> [DIRECTIONS]:
Please give back only the lines below from the one containing "Bright Colors Cowboy" to the one containing "Digital IQ Ηχοσύστημα", each repeated word for word, both ends included.

> [RECORDS]:
'''

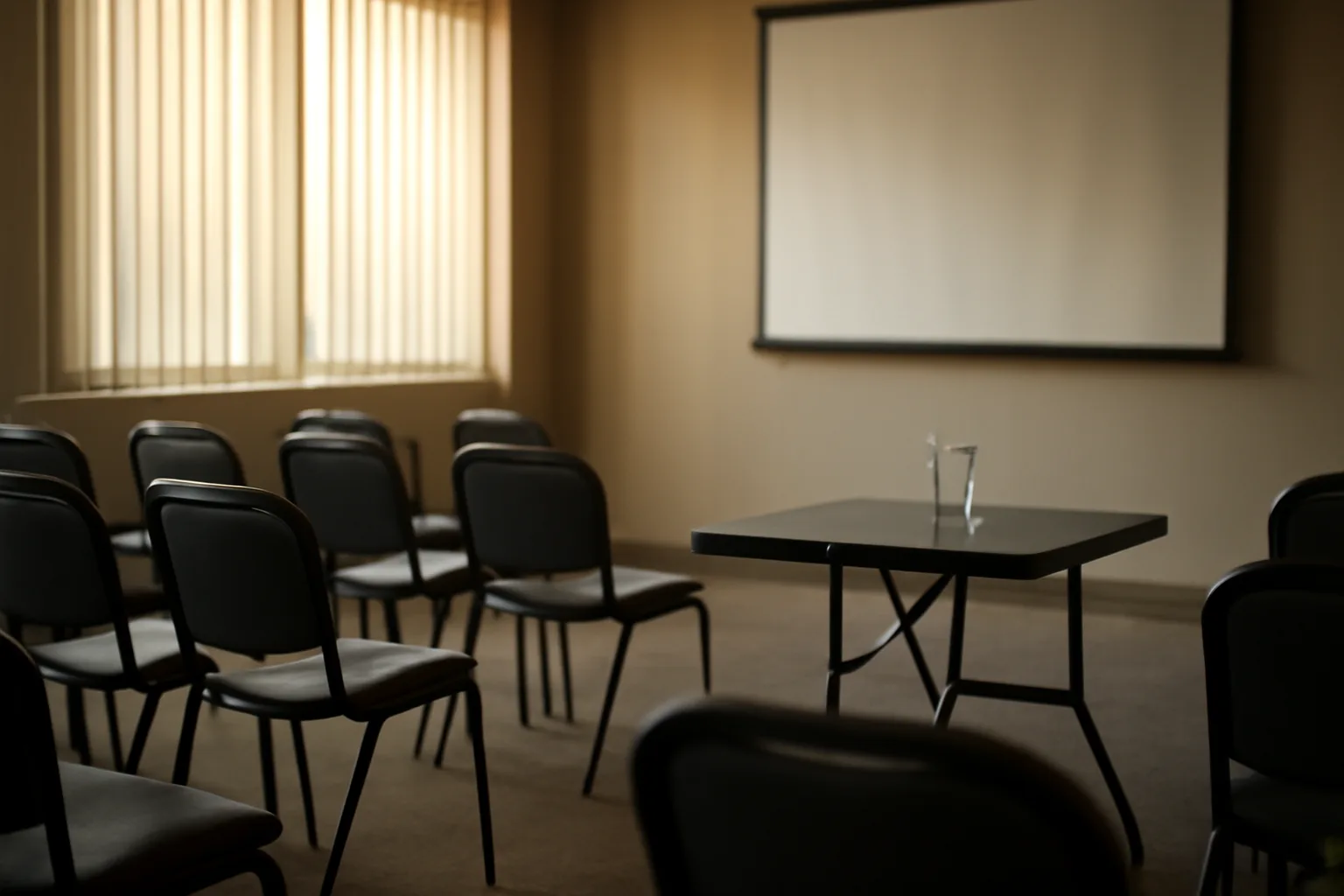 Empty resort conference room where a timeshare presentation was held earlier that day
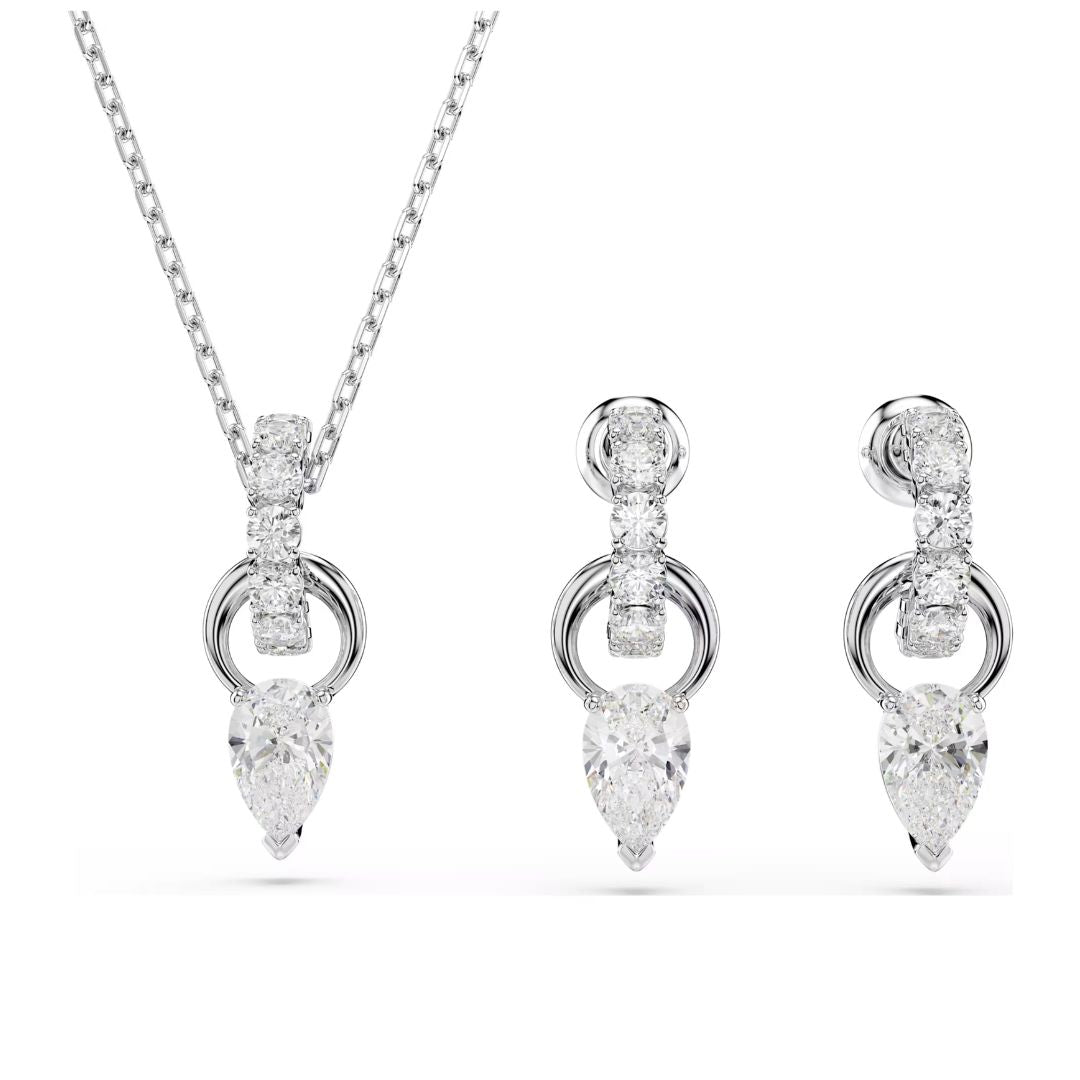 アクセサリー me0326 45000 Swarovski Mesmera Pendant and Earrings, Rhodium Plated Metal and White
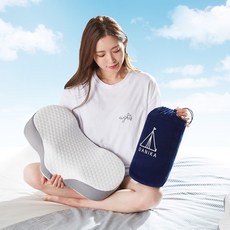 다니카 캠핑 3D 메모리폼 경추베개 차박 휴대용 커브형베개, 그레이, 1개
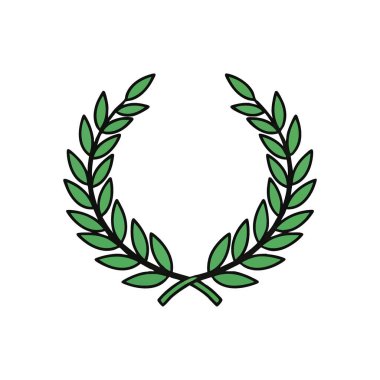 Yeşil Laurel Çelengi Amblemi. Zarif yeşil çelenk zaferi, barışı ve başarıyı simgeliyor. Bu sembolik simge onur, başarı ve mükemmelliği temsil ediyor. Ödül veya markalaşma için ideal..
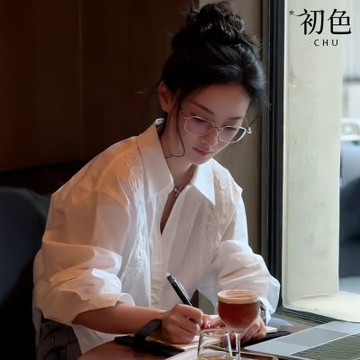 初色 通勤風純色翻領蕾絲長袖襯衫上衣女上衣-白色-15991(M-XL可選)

'''
'''

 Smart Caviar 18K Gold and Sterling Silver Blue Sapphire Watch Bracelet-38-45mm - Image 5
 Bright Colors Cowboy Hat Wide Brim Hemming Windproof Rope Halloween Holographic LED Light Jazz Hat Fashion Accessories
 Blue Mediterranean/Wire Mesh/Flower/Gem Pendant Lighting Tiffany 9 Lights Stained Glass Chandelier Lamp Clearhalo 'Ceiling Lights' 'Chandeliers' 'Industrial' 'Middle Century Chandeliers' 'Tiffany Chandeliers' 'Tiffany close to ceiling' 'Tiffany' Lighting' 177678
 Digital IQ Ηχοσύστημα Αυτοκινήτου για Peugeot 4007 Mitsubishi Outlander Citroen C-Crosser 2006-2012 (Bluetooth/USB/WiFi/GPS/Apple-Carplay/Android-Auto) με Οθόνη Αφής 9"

'''

> [FINISHED EXERCISE]:
 Bright Colors Cowboy Hat Wide Brim Hemming Windproof Rope Halloween Holographic LED Light Jazz Hat Fashion Accessories
 Blue Mediterranean/Wire Mesh/Flower/Gem Pendant Lighting Tiffany 9 Lights Stained Glass Chandelier Lamp Clearhalo 'Ceiling Lights' 'Chandeliers' 'Industrial' 'Middle Century Chandeliers' 'Tiffany Chandeliers' 'Tiffany close to ceiling' 'Tiffany' Lighting' 177678
 Digital IQ Ηχοσύστημα Αυτοκινήτου για Peugeot 4007 Mitsubishi Outlander Citroen C-Crosser 2006-2012 (Bluetooth/USB/WiFi/GPS/Apple-Carplay/Android-Auto) με Οθόνη Αφής 9"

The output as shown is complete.